People can be sane and yet incredibly wrong. Someone like Rubio or even Rand Paul is, at least partly, trying to walk a fine line between sanity and protecting himself from an attack by the hordes of madmen who vote in the primaries. I don't like their positions, certainly, and because of their sanity I'd say they're possibly more dangerous than someone like Bachmann, but several of them are likeable and even civil. (Paul Ryan, I think, is such a type. He's very wrong, but he's quite bright, and he's actually quite likeable as a person once you get away from his budget and his insane position on abortion. If I were to have lunch with a member of the GOP, Ryan would actually be fairly high on my list.)

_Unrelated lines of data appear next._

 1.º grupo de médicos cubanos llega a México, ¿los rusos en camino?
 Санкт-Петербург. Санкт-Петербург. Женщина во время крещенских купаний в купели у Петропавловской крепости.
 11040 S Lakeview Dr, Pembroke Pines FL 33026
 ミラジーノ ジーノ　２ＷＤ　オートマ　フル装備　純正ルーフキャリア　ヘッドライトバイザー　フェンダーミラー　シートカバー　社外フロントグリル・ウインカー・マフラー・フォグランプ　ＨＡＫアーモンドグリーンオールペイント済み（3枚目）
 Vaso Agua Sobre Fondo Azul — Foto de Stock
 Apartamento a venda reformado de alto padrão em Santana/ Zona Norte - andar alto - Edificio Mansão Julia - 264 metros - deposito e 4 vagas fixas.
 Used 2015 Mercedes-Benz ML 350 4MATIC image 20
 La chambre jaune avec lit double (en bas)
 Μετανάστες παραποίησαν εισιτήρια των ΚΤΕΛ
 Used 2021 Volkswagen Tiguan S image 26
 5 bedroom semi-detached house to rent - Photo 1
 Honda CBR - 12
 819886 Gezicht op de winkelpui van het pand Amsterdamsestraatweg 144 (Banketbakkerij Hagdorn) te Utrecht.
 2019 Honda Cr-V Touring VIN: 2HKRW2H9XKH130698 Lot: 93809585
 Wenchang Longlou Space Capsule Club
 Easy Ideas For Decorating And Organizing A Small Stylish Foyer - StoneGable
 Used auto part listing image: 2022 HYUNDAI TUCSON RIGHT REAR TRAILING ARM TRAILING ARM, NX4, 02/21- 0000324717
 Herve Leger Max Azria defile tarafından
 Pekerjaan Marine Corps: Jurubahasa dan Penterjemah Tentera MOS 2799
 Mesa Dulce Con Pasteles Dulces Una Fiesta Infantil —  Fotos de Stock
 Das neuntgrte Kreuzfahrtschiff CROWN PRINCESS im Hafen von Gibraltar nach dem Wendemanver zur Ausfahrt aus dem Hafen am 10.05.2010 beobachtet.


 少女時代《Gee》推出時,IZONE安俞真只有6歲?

It's nice to think, and indeed I'd like to believe, that you can never divorce the man's voting record from the man. But that's not entirely true. There's an anecdote that when President Ford was a congressman, if he saw a homeless person during his walk to the Capital, he would give him his lunch without thinking twice, and then proceed to vote against school lunch subsidies for schoolkids, without ever seeing the contradiction. Is he a hypocrite? Well, maybe. But I think there's something deeper here about human nature: if presented with a problem that is near to us, and a problem that is far away or feels far away, we make them as if we were two different people. Currently, I live in Oklahoma, one of the reddest, most reactionary, Bill O'Reilly-watching states in the country. And the people who live here are hospitable and kind in a way that I've just never seen en masse up north. It's not really an active sin; it's a glitch (maybe) in the wiring of human psyches.
As for 2014: it seems likely that the Republicans are going to keep the House (and quite possibly take the Senate) due to the demographics of midterm elections (and, in the Senate's case, races in several reddish states with moderate Democratic incumbents), which will- quite wrongly- send the message that contrarian batshittery works. But, as you say, it remains to be seen.